== Provided information ==
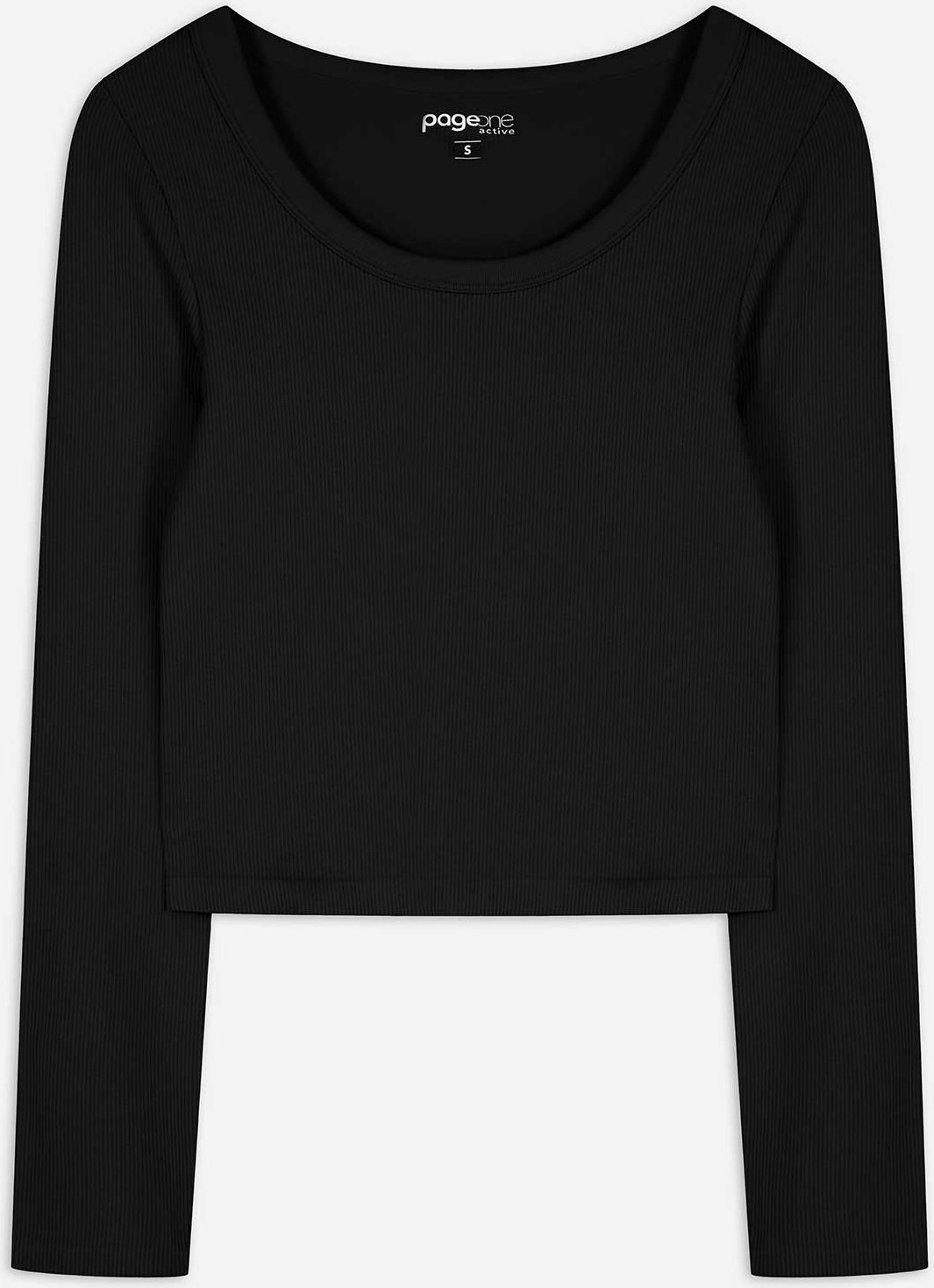Thumbnail - Cropped Shirt - Rippenstruktur - schwarz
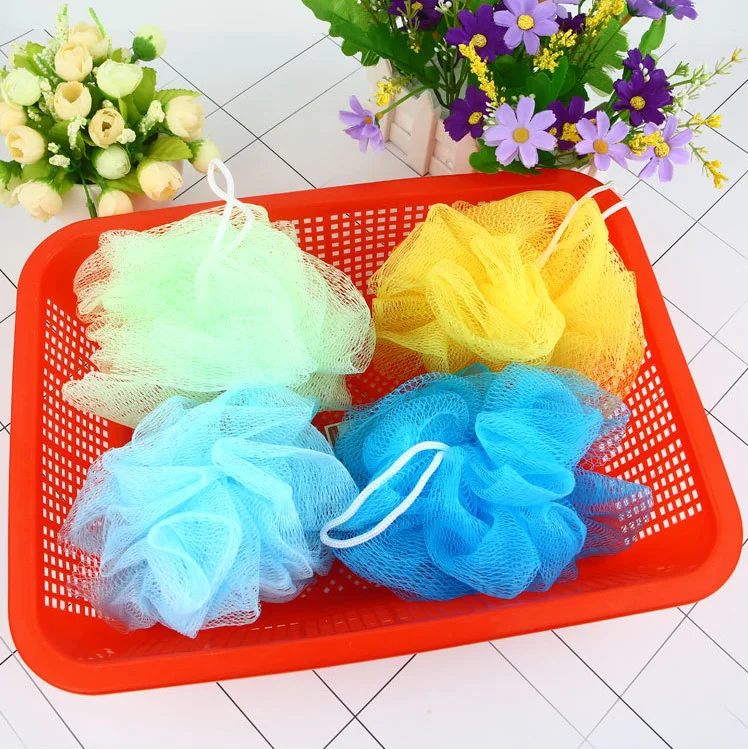 Cheap Nylon Bath Shower Ball Customized Color Exfoliating 40g shower mesh bath ball loufa sponge net pouf luffa soap saver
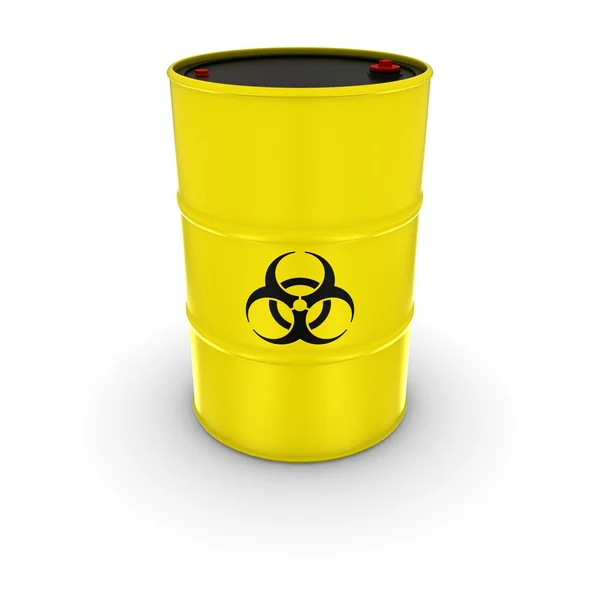 Na białym tle żółty Biohazard lufa ilustracja 3d — Zdjęcie stockowe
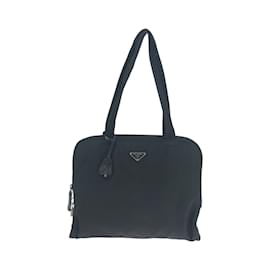 Prada-Prada Tessuto Triangle Logo Plate Tote Bag-Black
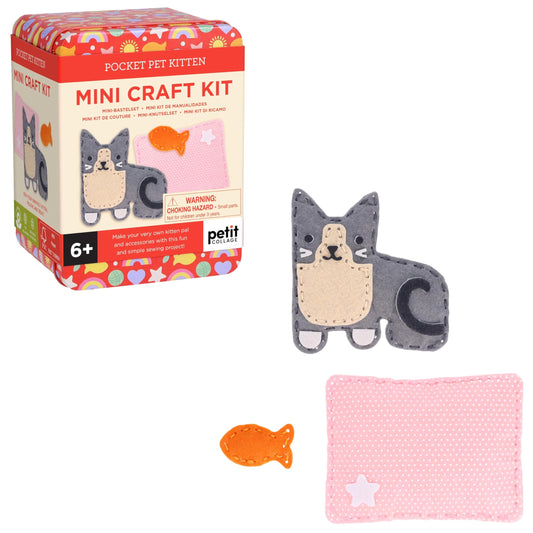 Petit Collage: Mini Craft Kit: Pocket Pet Kitten - Portable Felt Sewing Kit with Precut Pieces, Thread, Stuffing, Child‑Safe Needle & Tin – Screen‑Free Fine Motor Toy for Ages 6+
===
### How to complete this task
After locating the line with "Cheap Nylon Bath", transcribe it and the rest of the data above exactly as written, without any picture.

### Task solution
 Cheap Nylon Bath Shower Ball Customized Color Exfoliating 40g shower mesh bath ball loufa sponge net pouf luffa soap saver
 Na białym tle żółty Biohazard lufa ilustracja 3d — Zdjęcie stockowe
 Prada-Prada Tessuto Triangle Logo Plate Tote Bag-Black
 Petit Collage: Mini Craft Kit: Pocket Pet Kitten - Portable Felt Sewing Kit with Precut Pieces, Thread, Stuffing, Child‑Safe Needle & Tin – Screen‑Free Fine Motor Toy for Ages 6+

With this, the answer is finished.